La loi va plus loin en soulignant que « le viol est constitué (…) quelle que soit la nature des relations existant entre l’auteur et la victime ». Autrement dit, il y a viol au sens où la notion est définie plus haut même si la personne violée est la petite amie ou le petit ami du violeur. Toutefois, le législateur a pris le soin d’indiquer qu’on ne saurait présager d’un non-consentement dans le cas où les personnes concernées sont mariées. « Toutefois, s’ils sont mariés, la présomption de consentement des époux à l’acte sexuel vaut jusqu’à preuve du contraire », nuance, en effet, le texte de loi. En clair, on ne saurait a priori parler de viol entre des conjoints, l’acte sexuel étant censé être obtenu par consentement mutuel. Mais la loi n’exclut pas totalement qu’il peut y avoir viol, faute de consentement. D’où la formule « jusqu’à preuve du contraire ».
Haro sur le harcèlement sexuel
Désormais, le viol est plus sévèrement puni. « Quiconque commet un viol est puni d’un emprisonnement de cinq à vingt ans », dispose l’article 403 nouveau. Qui corse la peine quand le viol conduit à la mort par exemple. « La peine est l’emprisonnement à vie lorsque le viol a entraîné une mutilation ou une infirmité permanente ou la mort de la victime ». Les auteurs de viol risquent donc désormais jusqu’à la prison à vie.
Comme pour prévenir le viol, la loi s’attaque aux personnes qui seraient tentées par la commission de harcèlement sexuel ou moral. À cet effet, l’article 419 existant déjà dans la loi n°2019-574 du 26 juin 2019 du Code pénal, a été retouché. Il comporte des ajouts visant, notamment à étendre la notion de harcèlement aux relations entre conjoints ou concubins ou ex-conjoints ou ex-concubins. L’article 419-2 est clair là-dessus : « Quiconque harcèle son conjoint ou son concubin par des propos ou comportements répétés ayant pour objet ou pour effet une dégradation de ses conditions de vie se traduisant par une altération de sa santé physique ou mentale est puni de : 1° cinq à dix ans d’emprisonnement et de 1 000 000 à 5 000 000 de francs d’amende lorsqu’il en est résulté une incapacité totale de travail personnel pendant plus de huit jours ou ont été commis alors qu’un mineur était présent et y a assisté ;2° deux à cinq ans d’emprisonnement et de 600 0000 à 3 000 000 de francs d’amende lorsqu’il en est résulté une incapacité totale de travail personnel inférieure ou égale à huit jours ou n’ont entraîné aucune incapacité de travail… ».

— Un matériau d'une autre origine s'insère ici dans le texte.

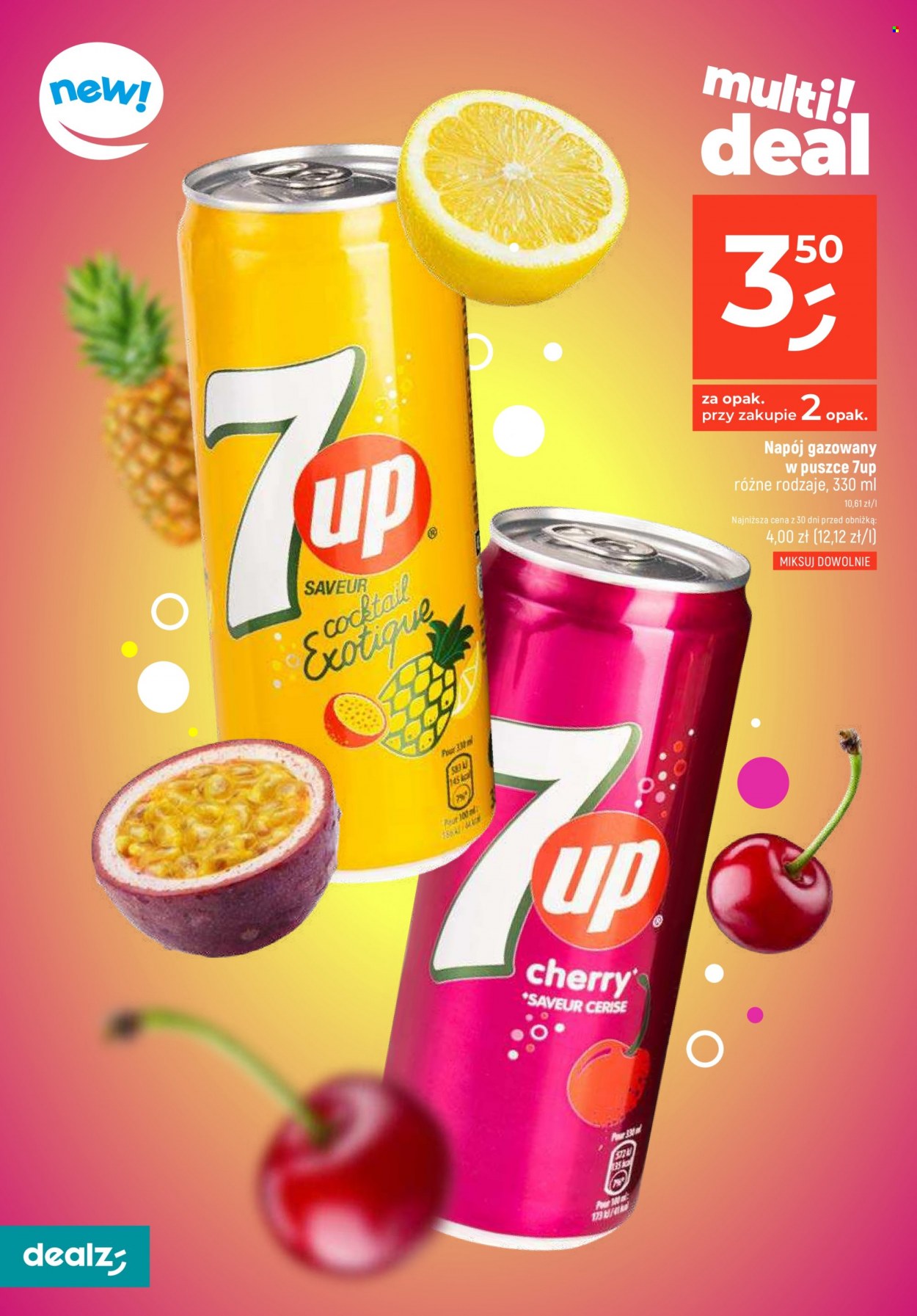 Gazetka Dealz - 18.01.2024 - 24.01.2024. Strona 16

Et ce qui vaut pour les conjoints vaut pour les ex-conjoints. « Les mêmes peines sont encourues lorsque cette infraction est commise par un ancien conjoint ou un ancien concubin de la victime », énonce le texte. Lequel souligne que la peine est plus salée quand le harcèlement conduit à une fin tragique. « Les peines sont portées à dix ans d’emprisonnement et à 20 000 000 de francs d’amende lorsque le harcèlement a conduit la victime à se suicider ou à tenter de se suicider ». Il y a visiblement chez le législateur, une volonté de sanctionner plus sévèrement, les auteurs de harcèlement, notamment les conjoints qui s’en rendraient coupables, ainsi que les auteurs de viol. Un état d’esprit qui n’est certainement pas étranger aux revendications féministes du mouvement « Me Too ».